Figure 3Confirmation of predicted polyA downstream elements by dual Luciferase reporter system. (A) pRL-GAPDHwt was made from a standard pRL-SV40 Renilla expression plasmid by replacing the SV40-derived 3'UTR and polyA signal sequences with the human GAPDH 3'UTR (NM_002046) and 116 nt past the PAS. pRL-GAPDHmt matches pRL-GAPDHwt but having Motif A mutated as shown.
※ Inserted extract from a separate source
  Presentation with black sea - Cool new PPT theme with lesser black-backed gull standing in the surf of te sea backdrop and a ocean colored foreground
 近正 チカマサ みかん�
Plasmids were transfected into HeLa cells and Luciferase activity measured 24 hours later. Values for Renilla Luciferase were normalized to those obtained from a co-transfected Firefly Luciferase plasmid. The pRL-GAPDHwt plasmid expresses 2.2 fold more Renilla than pRL-GAPDHmt plasmid thus Motif A is enhancing expression by 2.2 fold. (B) pRL-RAFwt (NM_002880) was made like pRL-GAPDHwt but from the human RAF gene sequences as indicated. pRL-RAFmt matches pRL-RAFwt but having Motif A mutated as shown. These plasmids were transfected and analyzed as in panel A. (C) pRL-U1Awt (NM_004596) was made like pRL-GAPDHwt but from the human U1A gene sequences as indicated. pRL-U1Amt matches pRL-U1Awt but having Motif A mutated as shown. These plasmids were transfected and analyzed as in panel A.